By the way (Nummer 44, 27. Juni 2012) - in Kooperation mit der Wettzentrale

Was spricht eigentlich dagegen, beim Griechen wieder mit Drachmen zu bezahlen? Alte Währung einführen, Abwertung, zack. Das Essen ist dann immer noch lauwarm, man verbrennt sich nicht ständig den Mund (vgl. Lasagne!), und noch dazu kostet es wieder so wenig wie früher. Hotels, Wohnungen, Häuser, Yachten etc. genauso. Aus 10 Prozent der Wirtschaftsleistung durch Tourismus mach 30, alle gerne hin, Bomben ja auch Fehlanzeige.
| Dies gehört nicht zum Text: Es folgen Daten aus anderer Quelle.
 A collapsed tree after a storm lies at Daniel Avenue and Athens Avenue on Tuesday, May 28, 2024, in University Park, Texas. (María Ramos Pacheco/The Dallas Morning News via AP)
Zwar kann der Grieche selbst sich dann nicht mehr so viele teure aus dem Ausland importierte Produkte kaufen – aber kann er das denn jetzt? Mit billiger Drachme könnte Griechenland auch mal wieder ein oder zwei eigene Produkte exportieren, viele gibt’s ja nicht, aber vielleicht gibt’s dann sogar neue! Billige Drachme inflationiert übrigens Auslandsschulden weg – gut für die Griechen, schlecht für unsere Banken, aber hey, kein Mitleid an dieser Stelle, haben lange genug Superzinsen kassiert. Und es soll Keiner so tun, als würde Griechenland außer den Zinsen irgendwelche Schulden tatsächlich jemals zurückzahlen können. Dass reiche Griechen nicht in billiger Drachme sparen? Verständlich, aber bis runter zur Mittelschicht haben die allesamt schon längst in Zürich, London oder bei der Sparkasse angelegt. Minor problem also. Und mit Drachme sind wir auch nicht weniger Europa als jetzt, mit Pfund und Franken. Also, was spricht dagegen, außer den dunklen Mächten, die Keiner wirklich kennt, und die schon die nächste Ebene planieren, für den Fiskalpakt und solche Dinge, au weia...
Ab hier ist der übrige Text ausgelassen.